To Colangelo, the closest thing to other countries' long-running national programs was college ball. That's how Mike Krzyzewski came to be head coach, and everyone draped -- quite dramatically -- in stars and stripes. He brought them something bigger than themselves. College, country, service, who cared. The point stuck.
Now, let's fast forward to 2008. What was the Redeem Team made of?
Aside from Shane Battier, who by then was his own kind of star, the Redeem Team sure looked a lot like the ultimate crop of All-Stars. Krzyzewski was the coach, but Mike D'Antoni served as an assistant. Coach K brought inspirational clatter and upright window dressing. On the ground, his leadership was of the loose, hands-off variety. Otherwise, why let D'Antoni within a thousand yards of the team?
Colangelo deserves kudos for securing the services of every player of note (not old and dinged-up). But that's not building an institution. It's a demonstration of one man's clout. And it's sorely focused on a single year.
The gold medal was attained, the objective realized. More importantly, his players did so by imposing the NBA on the rest of the world -- exactly the kind of lazy thinking that Colangelo had sought to move past. Also, let's not forget that it was during the Olympics that LeBron James, Dwyane Wade, and Chris Bosh first hatched (however fancifully) the idea of playing together on one team. That alone shows how far the Redeem Team was from Colangelo's original vision. It was by the players, for the players.

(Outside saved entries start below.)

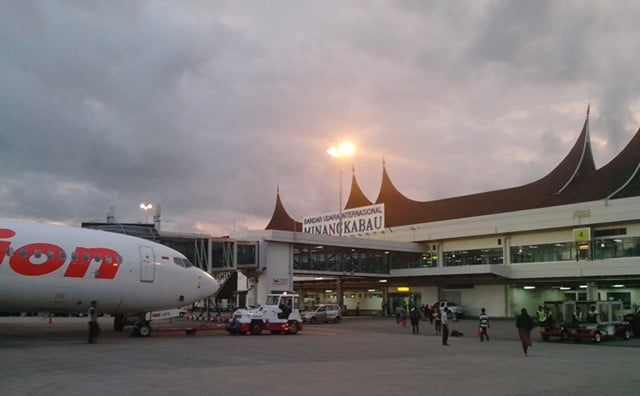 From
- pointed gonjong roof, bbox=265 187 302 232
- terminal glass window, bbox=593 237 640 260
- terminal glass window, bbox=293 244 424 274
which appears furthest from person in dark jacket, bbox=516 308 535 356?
pointed gonjong roof, bbox=265 187 302 232

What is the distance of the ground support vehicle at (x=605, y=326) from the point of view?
28.7m

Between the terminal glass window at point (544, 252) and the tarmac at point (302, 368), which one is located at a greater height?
the terminal glass window at point (544, 252)

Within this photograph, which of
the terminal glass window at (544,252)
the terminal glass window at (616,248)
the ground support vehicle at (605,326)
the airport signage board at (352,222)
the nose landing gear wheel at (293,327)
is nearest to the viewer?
the ground support vehicle at (605,326)

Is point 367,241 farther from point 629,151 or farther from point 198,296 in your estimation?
point 198,296

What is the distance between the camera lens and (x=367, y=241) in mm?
58500

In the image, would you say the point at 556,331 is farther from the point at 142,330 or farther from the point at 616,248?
the point at 616,248

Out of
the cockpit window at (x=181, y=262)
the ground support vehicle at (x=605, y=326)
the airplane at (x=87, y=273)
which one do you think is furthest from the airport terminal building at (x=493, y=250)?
the airplane at (x=87, y=273)

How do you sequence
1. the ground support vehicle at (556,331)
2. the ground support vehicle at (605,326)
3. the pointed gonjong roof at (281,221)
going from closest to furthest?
1. the ground support vehicle at (605,326)
2. the ground support vehicle at (556,331)
3. the pointed gonjong roof at (281,221)

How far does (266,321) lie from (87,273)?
9.82 meters

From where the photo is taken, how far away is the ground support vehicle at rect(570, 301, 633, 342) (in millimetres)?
28703

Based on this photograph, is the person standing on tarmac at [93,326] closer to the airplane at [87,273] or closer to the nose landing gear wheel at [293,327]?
the airplane at [87,273]

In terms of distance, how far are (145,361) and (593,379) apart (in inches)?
448

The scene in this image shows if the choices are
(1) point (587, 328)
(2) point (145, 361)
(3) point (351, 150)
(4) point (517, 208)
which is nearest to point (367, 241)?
(3) point (351, 150)

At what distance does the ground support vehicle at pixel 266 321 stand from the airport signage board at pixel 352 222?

Since the USA need not qualify for the 2012 Olympics this summer -- the 2011 FIBA Americas tournament next year is easy run; a college B-team could contend -- anyone who wants to play will be entering the fray with zero summer bonding. This summer's gang is actually closer in spirit to, say, the monstrosity that was Dream Team 2. It looks like Colangelo will have to go door-to-door, hat in hand, asking again for another shot at Olympic glory. That doesn't look like a long-term plan to me.
Or maybe we can blame this all on Obama. Between 2004 and 2008, patriotism meant something. Exactly what, we're not sure, but personally, professionally, and sentimentally it was a hot-button signifier. These days, it's neither used as an instrument of fear nor as a facile means to praise. Representing your country is, as it should be, neither compulsory nor automatically hot stuff. Done right, it's a long, hard commitment, and there's no mistaking a short-term goal -- however exciting -- for a real lasting program. The Redeem Team, awesome as it was, can't paper over the fact that USA Basketball goes limp after 2008.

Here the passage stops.